These three limitations are mutually interrelated, so when all known occurrences are compiled exhaustively it is possible to estimate survey effort with some reliability. Therefore, a biodiversity database that compiles exhaustively all available information on the identity and distribution of a group of species would enable both identifying well-surveyed areas (e.g. Hortal and Lobo 2005) and obtaining estimates of the repeated occurrence and/or the probability of absence of particular species (e.g. Guillera-Arroita et al. 2010).

Employing statistical shortcuts on data with unknown levels of error and bias can generate unreliable results. Consequently, good practice in biodiversity informatics requires knowledge about the number, location and degree of completeness of surveys for those territorial units that have been, at least relatively, well inventoried. Such knowledge would facilitate identifying localities where the lack of records for a target species can be reliably assumed to correspond to its actual absence. Nonetheless, it can be used to guide the location of future surveys and/or determine uncertain or ignorance areas in which biodiversity data are insufficiently consistent (Hortal and Lobo 2005, Ladle and Hortal 2013, Hortal et al. 2015, Ruete 2015, Meyer et al. 2015, 2016).

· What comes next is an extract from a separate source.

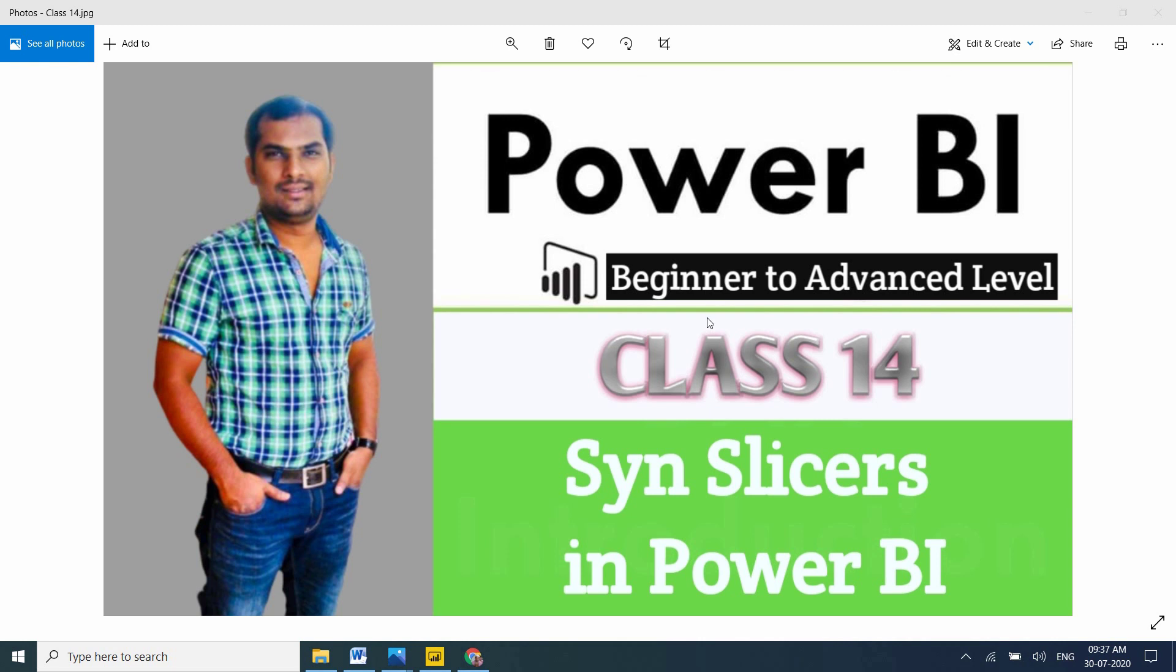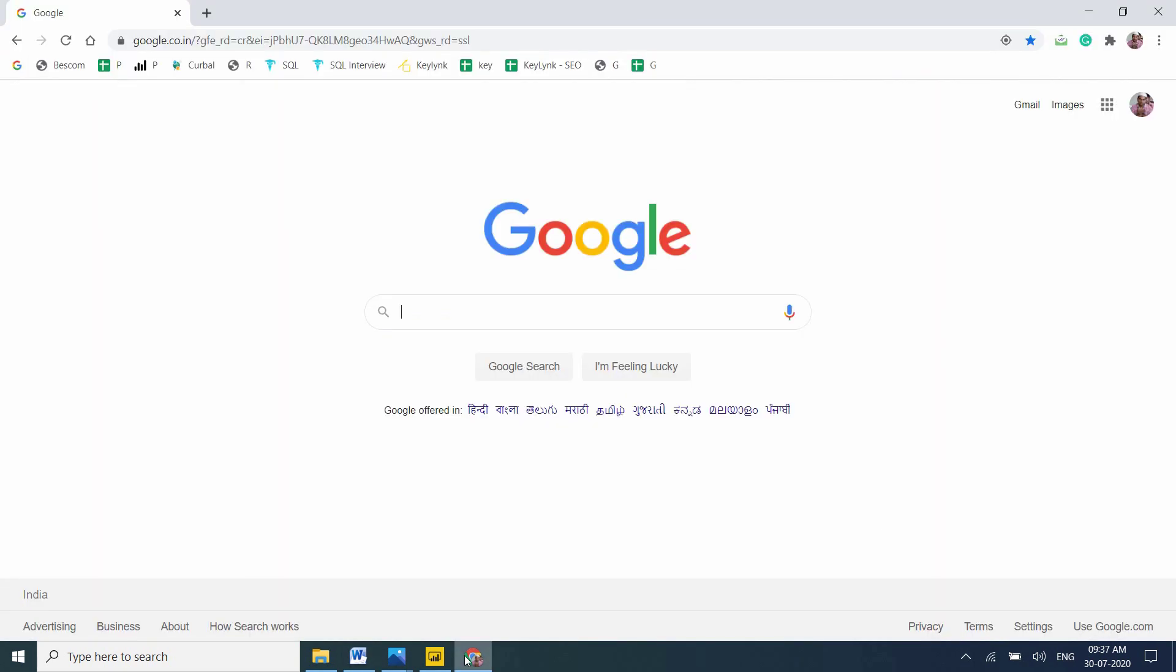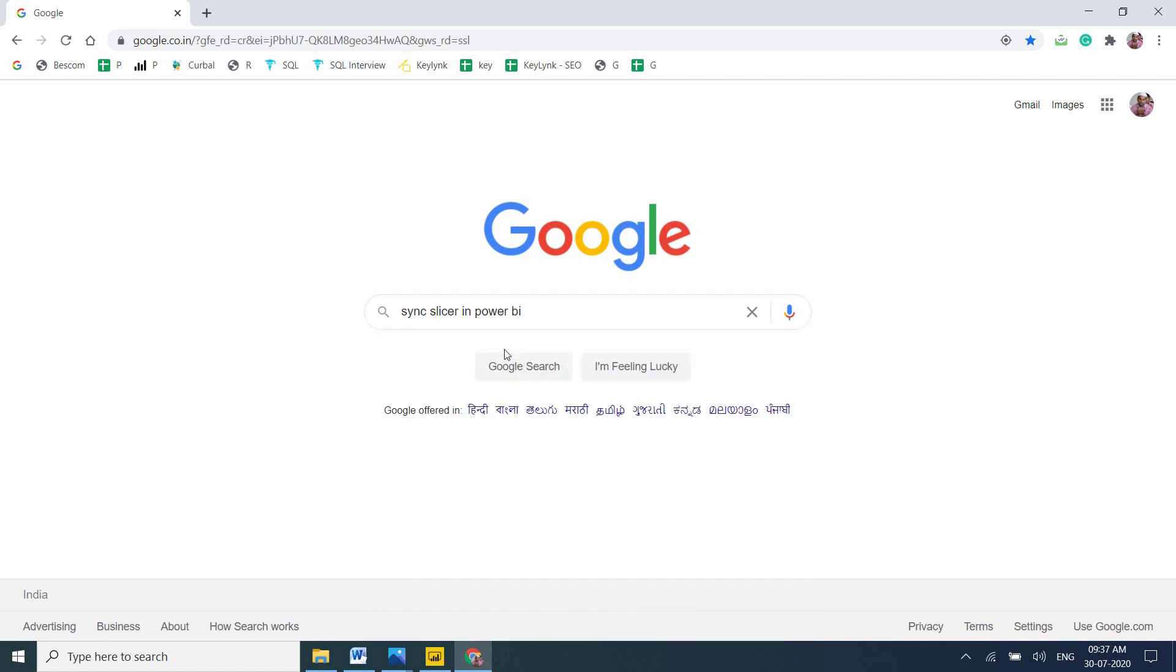In this video, we will deep dive into Sync Slicers in Power BI. I'm going to cover what Sync Slicers are, how to enable and disable them, and how to remove them. Let me go to my browser to understand Sync Slicers in Power BI.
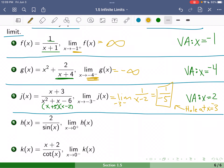Let's look at two more examples involving trig functions, but we'll look at those in our next video. We'll see you in the next video.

Despite the widely recognized importance of evaluating data quality as a preliminary step in any biodiversity study, this process is often neglected. Arguably, this is in part because such evaluation process is highly time-consuming, for it requires using analyses spread over several software applications and/or R packages, and repeating the same process for each one of the territorial units or sites considered (or, in general, for any type of spatial unit). Here we present KnowBR, a freely available R package to estimate the survey coverage of species inventories across an unlimited number of territorial units or sites simultaneously. Starting with any biodiversity database, KnowBR calculates the survey coverage per spatial unit as the final slope of the relationship between the number of collected species and the number of database records, which is used as a surrogate of the survey effort. To do this, KnowBR estimates the accumulation curve (the accumulated increase in the number of species with the addition of database records) for each one of the spatial units according to the exact estimator of Ugland et al. (2003), as well as performing 200 permutations of the observed data (random estimator) to obtain a smoothed accumulation curve. This curve is subsequently adjusted to four different functions with three or less parameters, and the obtained extrapolated asymptotic value used to obtain a completeness percentage (the percentage representing the observed number of species against the predicted one) that also may be used to estimate the territorial units with probable reliable inventories.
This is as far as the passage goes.